老太君和四小姐去了法华寺还未归,而佟婧瑶又是戴孝之身,一时之间,相府前去院前接旨的人确实有限,故,佟安邦忍着一肚子愤懑,携着能唤出的所有奴仆,一同跪在门口接旨,面容严肃。
佟婧琬当众接受封赏,众姐妹一个个羡慕不已,当然女人多的地方自然也少不了嫉妒,而始终听话坚持装病卧床的何清儿,此刻更是无法言喻的欢愉,她从未想过那样一个被人不闻不问的孩子,竟然在这短短一年内,混得风生水起,让她不但不用看着那些女人脸色过日子,还获益良多。

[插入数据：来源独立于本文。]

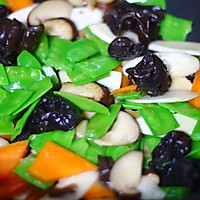 荷兰豆炒时蔬菜的做法图解8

不一会儿,佟安邦被降职的旨意也下达了下来,众人皆目瞪口呆。
大夫人柳素琴更是一惊一乍地问道:“公公,是不是弄错了,我家相爷怎么会……”
佟安邦冷哼一声道:“妇道人家,给我闭嘴!”
柳氏遂一句话都不敢再说。
而宫内的佟婧璇在得知这个消息的时候,正好才收到宫外柳素琴的传信,信上兴奋的告知她某个想与她争宠的妹妹这次一定死定了,只可惜,母亲的兴奋还没有感染到她,她便听到了加封的诏命,一时间气得面容扭曲,她从前那般温婉高贵的气质已经全然不见,双眸之中再也没有清灵之气,透着浓浓的幽怨之色。
佟婧琬晋升太傅之后,少不了要入宫教公主皇子们读书、识字,但这些年,她的笔迹,万俟琛是最清楚的,为了不露馅,她必须在最短的时间内学会一些新的字体来掩饰。